--- Directions for this task ---
Omit the pictures. Transcribe exactly the lines below, from the one with "Stofpose (Orange, Hvid) fra Passi" up to and including the last.

--- Data shown ---

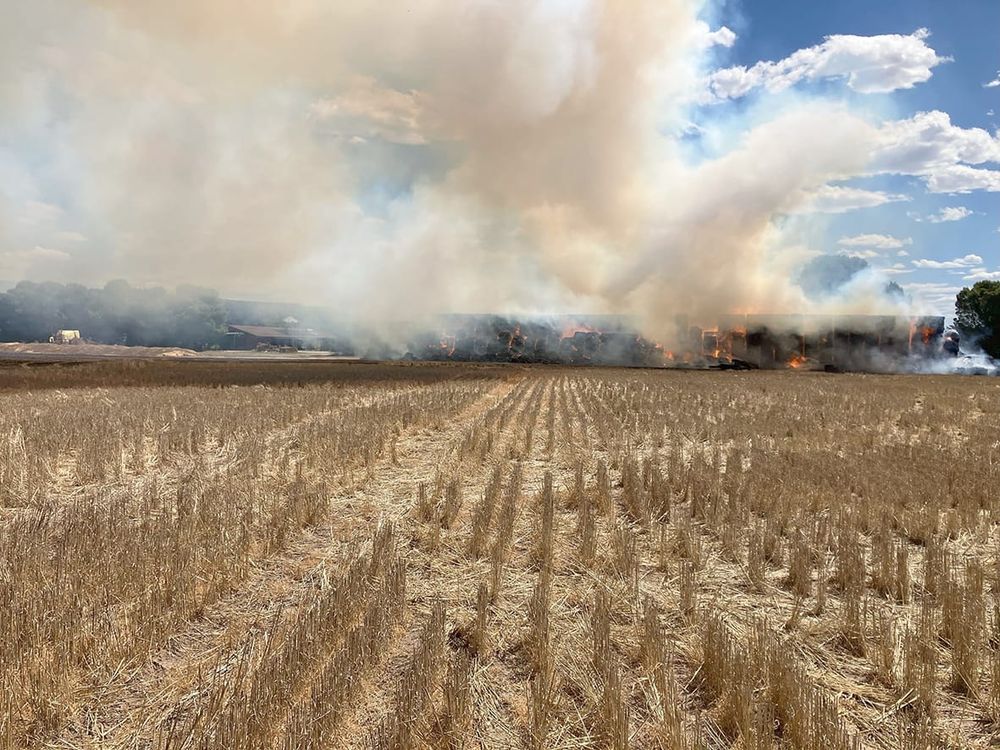 Farmers Urged to Monitor Damp Haystacks for Fire Risks post image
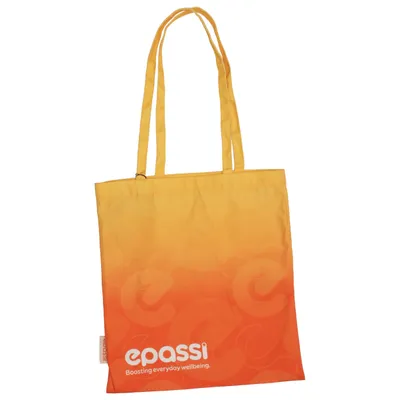 Stofpose (Orange, Hvid) fra Passi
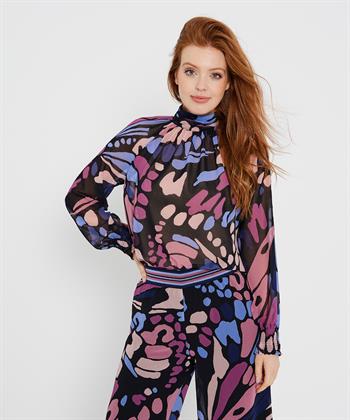 Caroline Biss blouse multicolour crêpe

--- Solved exercise ---
 Stofpose (Orange, Hvid) fra Passi
 Caroline Biss blouse multicolour crêpe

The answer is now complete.